In July, Brunswick was able to support the Brooklyn Museum in the latest incarnation of “Figures of Speech,” a major exhibit of Abloh’s work that the artist helped to plan when it was first mounted at the Museum of Contemporary Art in Chicago. Collaboration and confrontation are hallmarks of his designs, which frequently incorporate text, turning media into design and commentary, and turning the wearers of his clothing into literal figures of speech. Yet his fashion designs were only one aspect of a body of work that touches many areas of art and architecture, everywhere maintaining the same playful critique, a socially aware irreverence.

A centerpiece of the exhibit is Abloh’s “Social Sculpture” (top right), a wooden, cabin-like space designed to showcase performances and events by other artists, offering a built-in platform for the development of new talent and new collaboration.

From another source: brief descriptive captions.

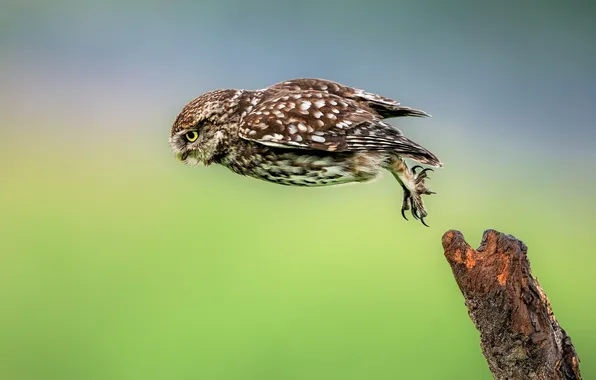 Flight, pose, movement, jump, owl, bird, green background, bitches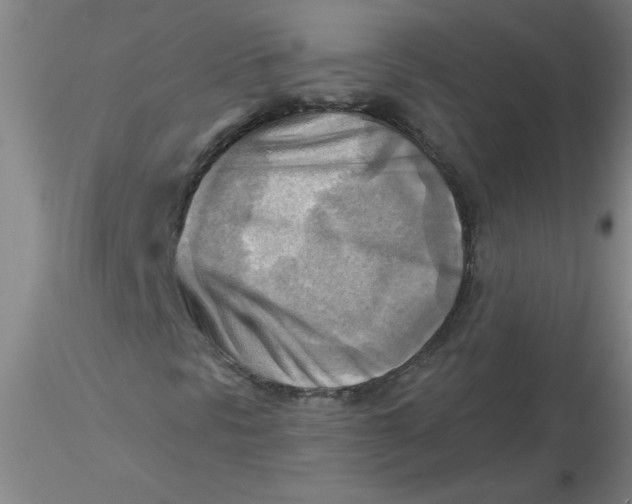 X0000116301297200912211853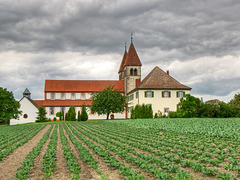 Gemüseanbau auf der Insel Reichenau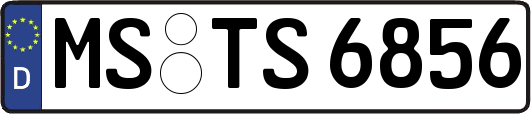 MS-TS6856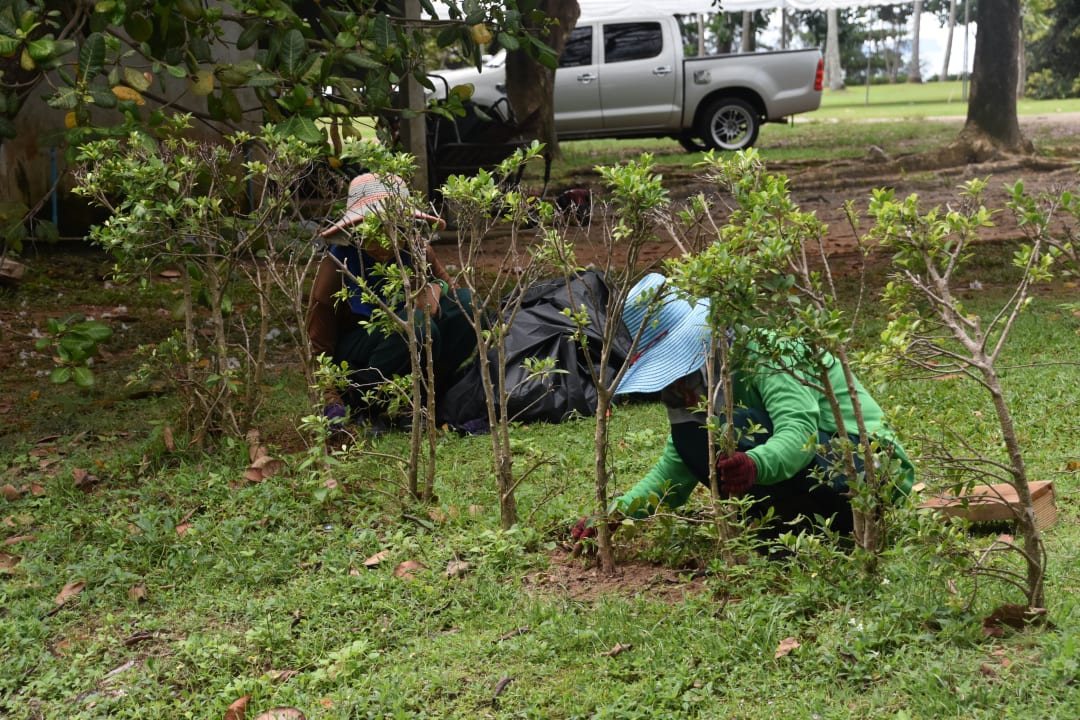 Gartenanlage Dusit Thani Krabi Beach Resort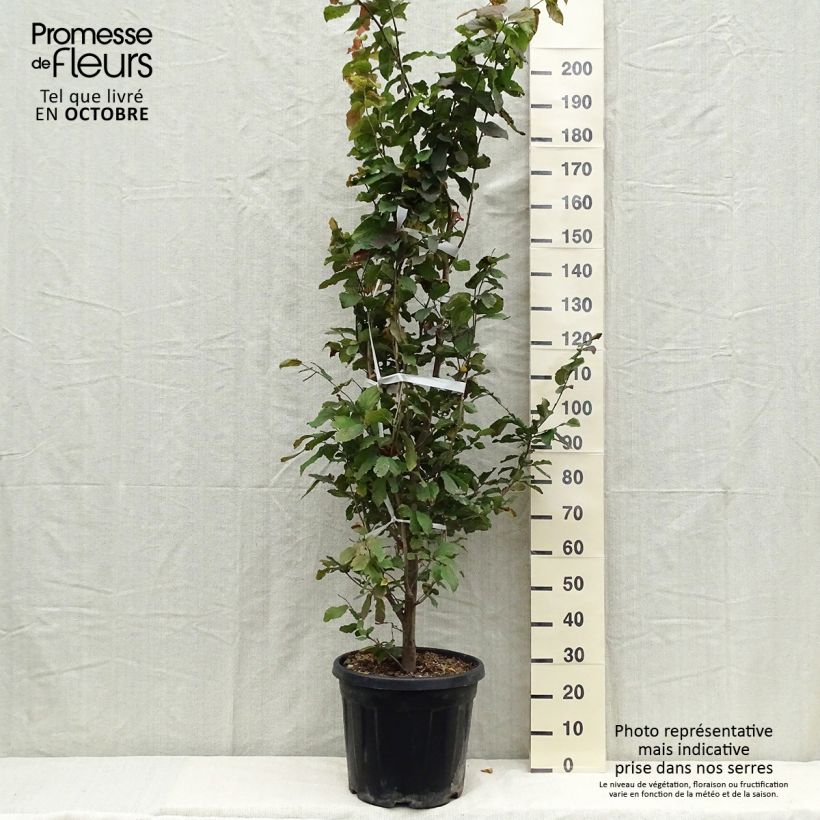 Esemplare di Parrotia persica - Albero pagoda Vaso da 30L/35L come consegnato in autunno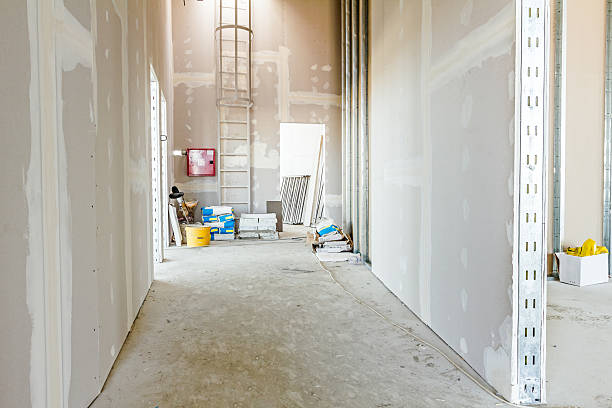 Best Mold Odor Removal Services  in Despard, WV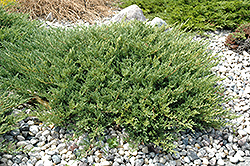 Andorra Juniper (Juniperus horizontalis 'Plumosa Compacta') at Green Thumb Garden Centre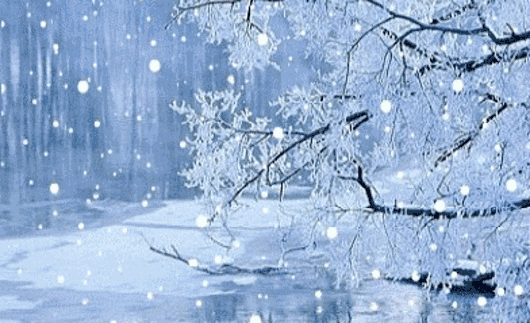 明日小雪一首飘雪的季节更想你送给大家美醉了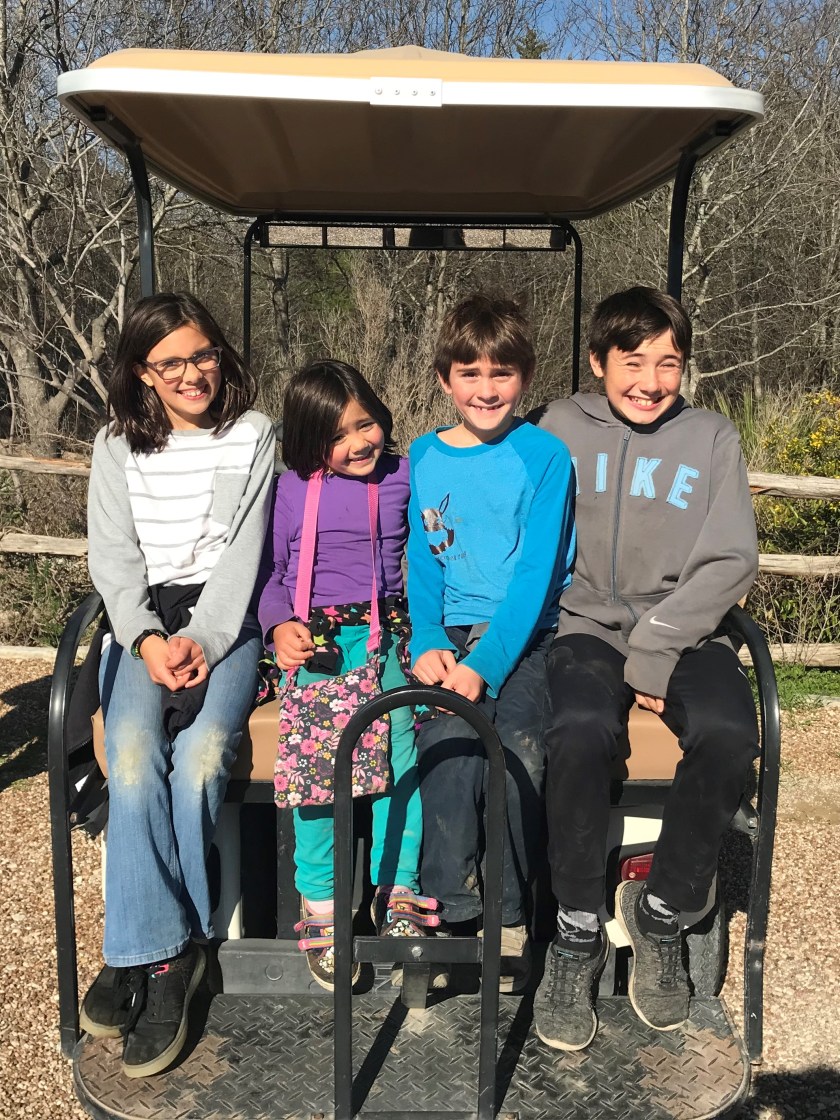 Photo Feb 20, 3 33 19 PM 2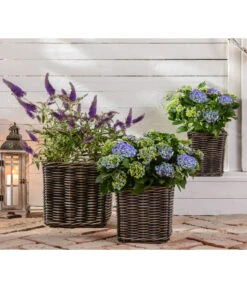 Sommerflieder 'Black Knight' -Eleganter Garten 20200729 7078975 WE MO 002 HortensienBuddleja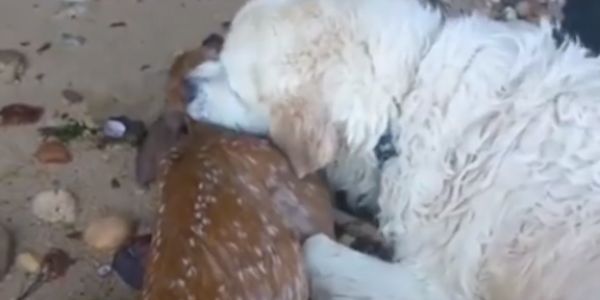 Perro rescató a un pequeño venado y lo salvó de ahogarse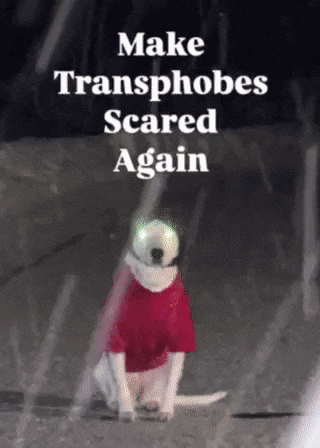 Dogs Sigma GIF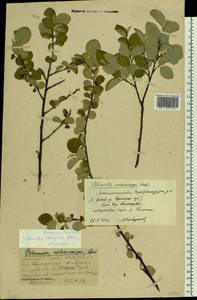 Cotoneaster alaunicus Golitsin, Eastern Europe, Moscow region (E4a) (Russia)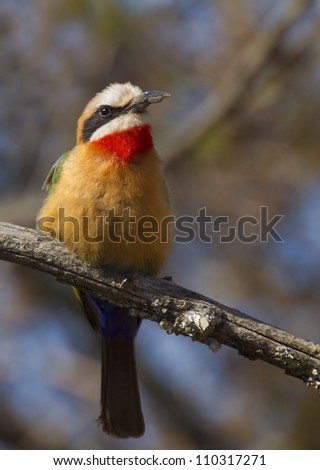 White fronted bee eater against a colorful background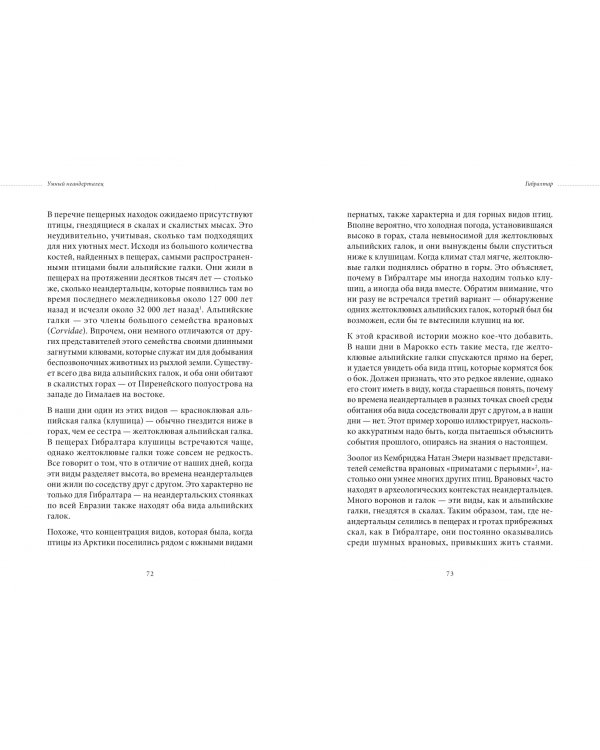 Умный неандерталец. Охота на птиц, пещерное искусство и когнитивная революция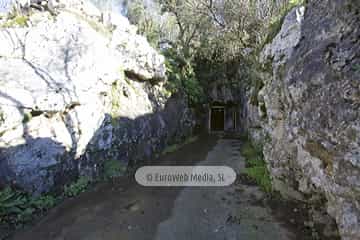 Quesería de Cabrales. Cueva Quesería La Pandiella
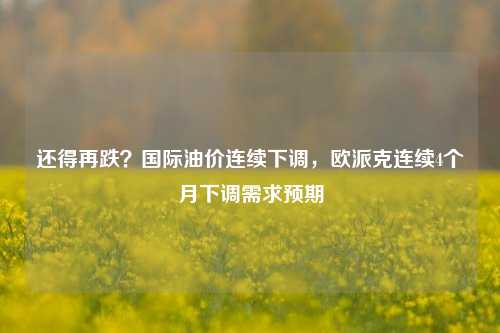 还得再跌？国际油价连续下调，欧派克连续4个月下调需求预期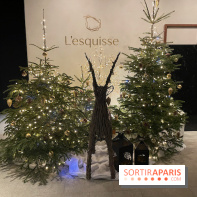 Hôtel Esquisse et marché de Noël de Colmar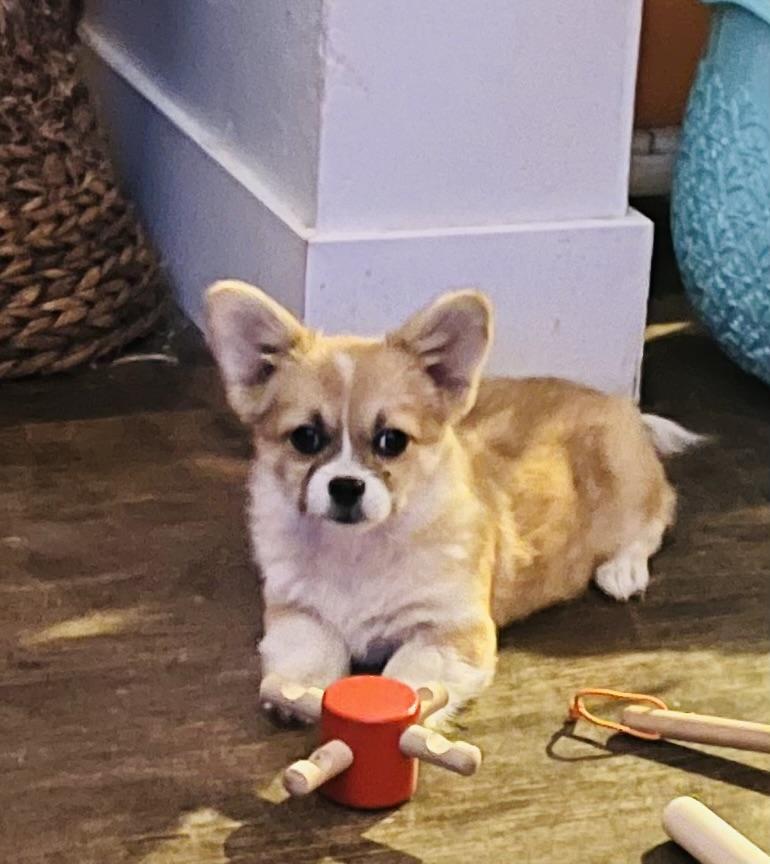 JuneBug, adopted, Young Female Chihuahua & Corgi.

In a recorded interview excerpt that served as an introduction to the Off-White Show at the most recent Paris Fashion Week, Abloh noted that the value in his extraordinary success lay in his ability to open opportunities for others. Too often, he said, the art world closely guards the “codes” to entry for young artists and consumers, screening out people and aspects of culture that grow out of minority experience. “For me, I know it’s my duty,” he said. “I’m not just having these experiences for my own glorification or my own enjoyment. It’s because I’m meant to share the codes.”


Antwaun Sargent, writer and Guest Curator for the Brooklyn show, which runs through January, emphasized the importance of this aspect of Abloh’s art in a recent interview with Time Magazine.

“The fact that we’re having this exhibition at the Brooklyn Museum, in an encyclopedic institution, is a testament to how boundaries were reshaped by Virgil in a way that allowed for Black creativity and concerns within spaces of architecture, fashion and art to be fully recognized.”